The story was the same for numerous other properties Willie Nelson owned in Texas that the IRS was attempting to auction off. A sale of items taken from Willie’s country club and his Pedernales recording studio on January 23rd did bring in about $68,000 for the IRS, but some of the most important memorabilia from Willie’s estate—including posters, Gold record, and instruments—went untouched. The IRS was beginning to find out just how much Texas loved Willie Nelson.

Then finally on January 29th, 1991—the third day that the IRS listed Willie Nelson’s Austin ranch for sale—it went for the minimum bid of $203,840, which was well under market value, and well short of what the IRS was hoping for. Who was the buyer? It was a Willie Nelson fan who bought it at the behest of a group of farmers who Willie had helped over the years through his Farm Aid initiative. They would shortly sell it back to the country legend.

Seeing the writing on the wall, and perhaps having a change of heart, the IRS also decided to sell the remaining Willie Nelson items such as his Gold records and instruments to the “Willie Nelson and Friends Showcase” for $7,000. In short, the plan by the IRS to liquidate Willie Nelson’s assets to satisfy his tax bill was a colossal failure. Buyers in Texas refused to play ball.

″Everyone came to my defense and that was overwhelming,″ Willie said at the time.

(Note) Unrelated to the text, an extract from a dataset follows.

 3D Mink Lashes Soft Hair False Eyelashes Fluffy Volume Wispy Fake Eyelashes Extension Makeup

But this wasn’t the case everywhere. A 44-acre estate in Evergreen, Colorado owned by Willie did sell for a handsome $650,000 to a construction entrepreneur named Everett Randleman whose family had owned the parcel before, and who outbid about 100 other prospective buyers who showed up to the IRS auction.

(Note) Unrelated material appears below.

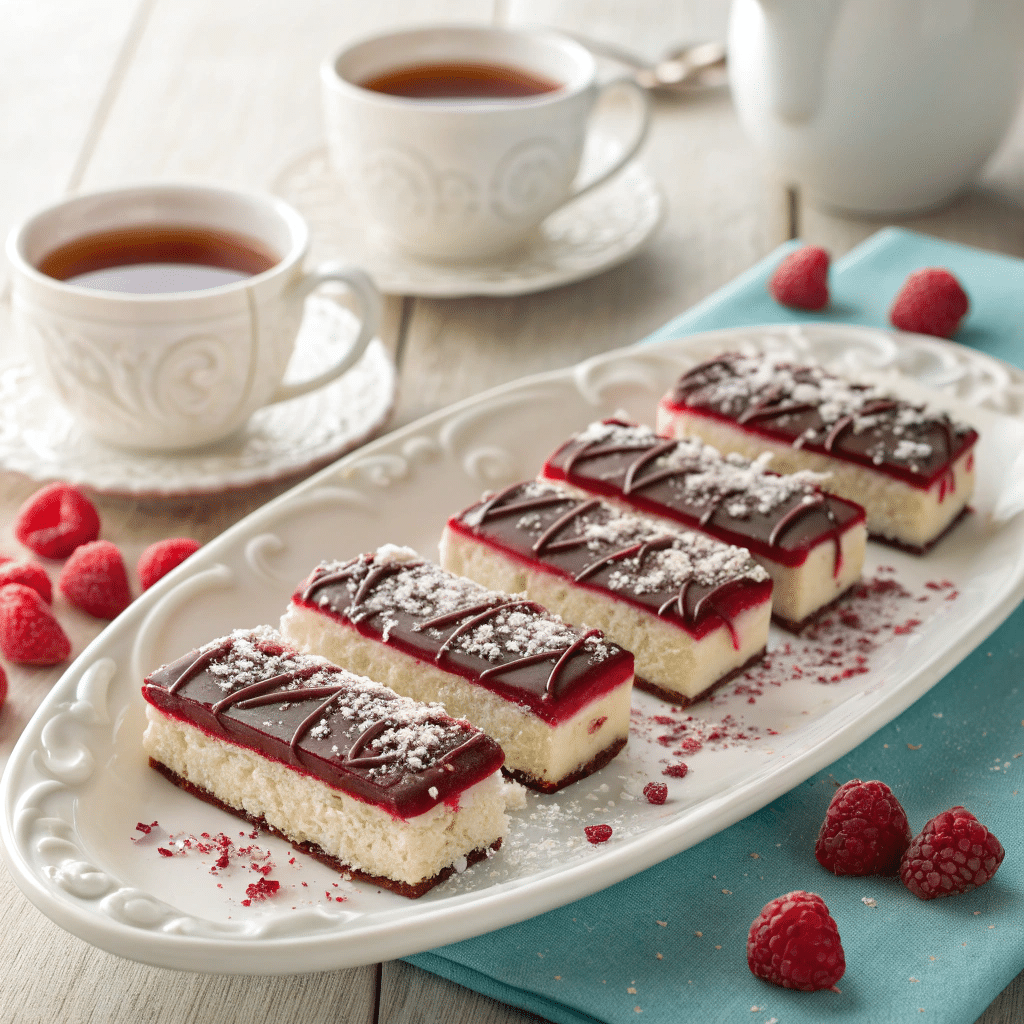 plate with raspberry coconut frozen bars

But Willie Nelson’s Texas home and some of his most prized possessions were saved. Nonetheless, there was still the lingering debt to the IRS that remained unresolved. So Willie Nelson rolled up his sleeves, and worked double time over the next few years to try and pay the IRS back. Willie paid the IRS some $6 million between 1990 and early 1993 to help pay down the debt.

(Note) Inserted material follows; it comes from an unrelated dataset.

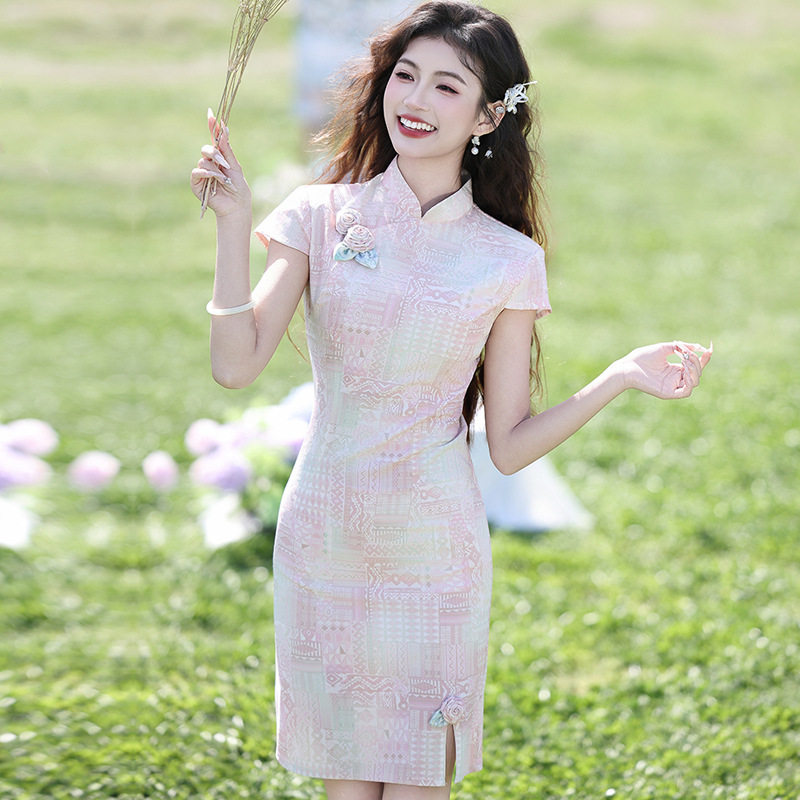 娘子写女装陶玉梅京派苏伊人名兰世家官方画报夫人戚薇旗舰店旗袍图片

Still though, an outstanding balance remained, so Willie Nelson and the IRS schemed to release the Willie Nelson album The IRS Tapes: Who’ll Buy My Memories? Basically a compilation album of some previously-released songs and a few new ones written by Willie (except one Hank Cochran co-write), it was released first by phone and mail-order in 1991.

The IRS Tapes was a first of its kind. Never before had an artist entered into a revenue sharing agreement with the IRS. A big marketing campaign, and the phone number 1-(800) IRS-TAPE was behind the album that sold for $19.95, only by phone.

Of the price, $9.95 went to the telemarketing company promoting the album, $1.60 went to album-related expenses, $2.49 went to Sony Records, and Nelson received $6—$3 to pay down his existing IRS debt, $1 to pay for his lawsuit against Price Waterhouse, and $2 for the tax that would be generated from the sale of the album. With the lion’s share being taken from the telemarketers, the album didn’t generate as much as expected. But when it received a wide release to stores in December of 1992 without the telemarketing cut, it fared much better.

The IRS Tapes: Who’ll Buy My Memories? eventually generated $3.6 million for the IRS, and over the next few years, Willie paid a total of $9 million to finally satisfy his IRS tax burden.

Willie Nelson’s battle royale with the IRS has since become the stuff of legend. The IRS tried to sell Willie Nelson’s memories, but Texas wasn’t buying.